The updates regarding anti-aliasing and text rendering will necessitate updating a large number of baseline images, a step that is unavoidable but essential for long-term accuracy.
Alongside the proposed changes to the image testing framework, a merge request for geometric comparison tools in VTK has been submitted. These tools offer a more direct and often superior method for assessing algorithmic accuracy by focusing on the underlying data structures and mathematical properties. This approach is particularly advantageous for complex geometries and transformations, where rendering-based tests can introduce additional variables or noise. While not intended to completely replace rendering tests, geometric comparison is frequently a better alternative and serves to complement and enhance the overall integrity of VTK’s testing capabilities.

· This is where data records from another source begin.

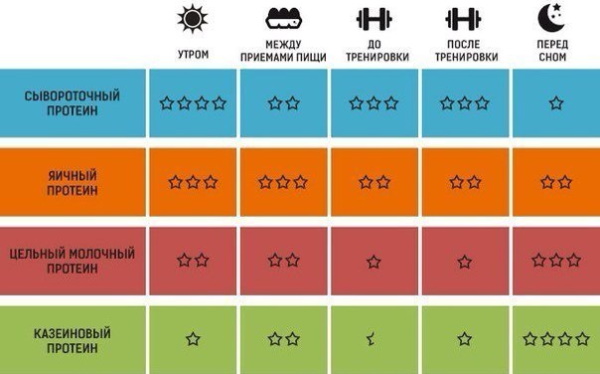 Protéine de lactosérum. Qu'est-ce que c'est, où est-il contenu, composition, avantage, dommage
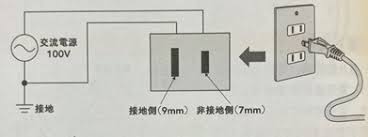 Image result for コンセント　穴 %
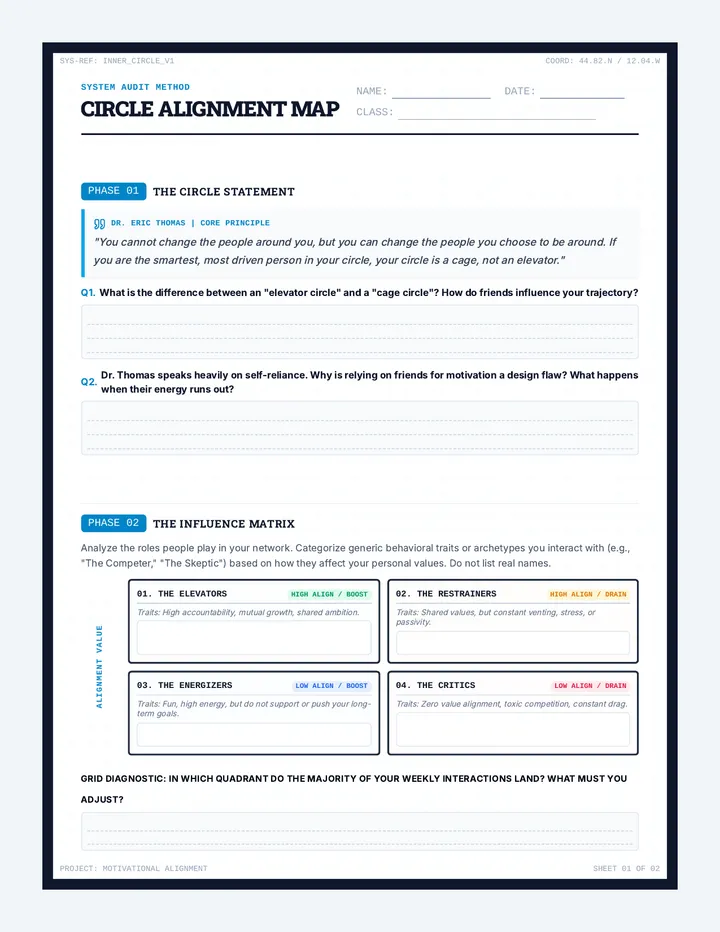 Circle Alignment Worksheet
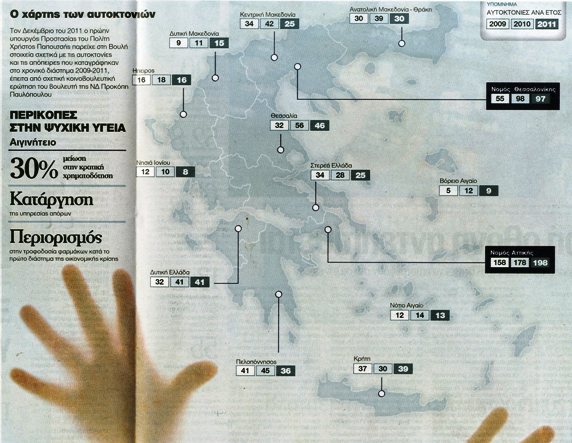 Επιδημία οι αυτοκτονίες του ΔΝΤ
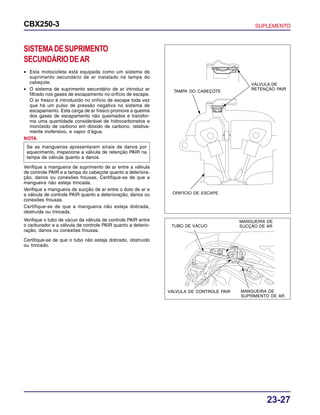 23-27
CBX250-3 SUPLEMENTO
SISTEMADESUPRIMENTO
SECUNDÁRIODEAR
• Esta motocicleta está equipada como um sistema de
suprimento secundário de ar instalado na tampa do
cabeçote.
• O sistema de suprimento secundário de ar introduz ar
filtrado nos gases de escapamento no orifício de escape.
O ar fresco é introduzido no orifício de escape toda vez
que há um pulso de pressão negativa no sistema de
escapamento. Esta carga de ar fresco promove a queima
dos gases de escapamento não queimados e transfor-
ma uma quantidade considerável de hidrocarbonetos e
monóxido de carbono em dióxido de carbono, relativa-
mente inofensivo, e vapor d’água.
Se as mangueiras apresentarem sinais de danos por
aquecimento, inspecione a válvula de retenção PAIR na
tampa da válvula quanto a danos.
NOTA
Verifique a mangueira de suprimento de ar entre a válvula
de controle PAIR e a tampa do cabeçote quanto a deteriora-
ção, danos ou conexões frouxas. Certifique-se de que a
mangueira não esteja trincada.
Verifique a mangueira de sucção de ar entre o duto de ar e
a válvula de controle PAIR quanto a deterioração, danos ou
conexões frouxas.
Certifique-se de que a mangueira não esteja dobrada,
obstruída ou trincada.
TAMPA DO CABEÇOTE
VÁLVULA DE
RETENÇÃO PAIR
ORIFÍCIO DE ESCAPE
TUBO DE VÁCUO
MANGUEIRA DE
SUCÇÃO DE AR
VÁLVULA DE CONTROLE PAIR MANGUEIRA DE
SUPRIMENTO DE AR
Verifique o tubo de vácuo da válvula de controle PAIR entre
o carburador e a válvula de controle PAIR quanto a deterio-
ração, danos ou conexões frouxas.
Certifique-se de que o tubo não esteja dobrado, obstruído
ou trincado.
 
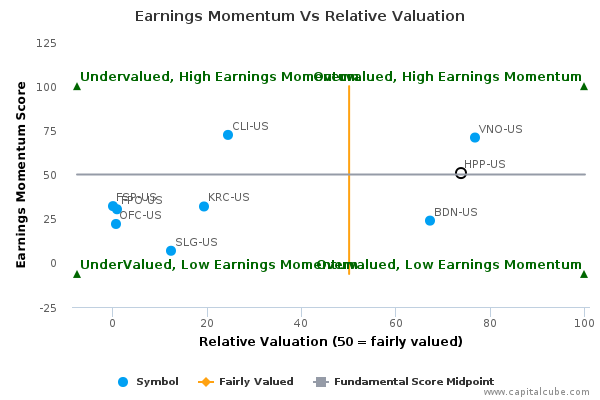 Earnings Momentum Vs Relative Valuation Earnings Momentum Vs Relative Valuation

With the proposed transition to SSIM in Lab channels and the introduction of geometric comparison tools—which are often a better alternative to rendering-based tests—the path is set for a significantly more robust and reliable testing framework in VTK. However, challenges such as text rendering and updating baseline images still need to be addressed. Your insights on these issues, as well as on the utility of the new geometric comparison tools, are invaluable. We welcome all feedback and alternative solutions, especially on the handling of text rendering in the new framework.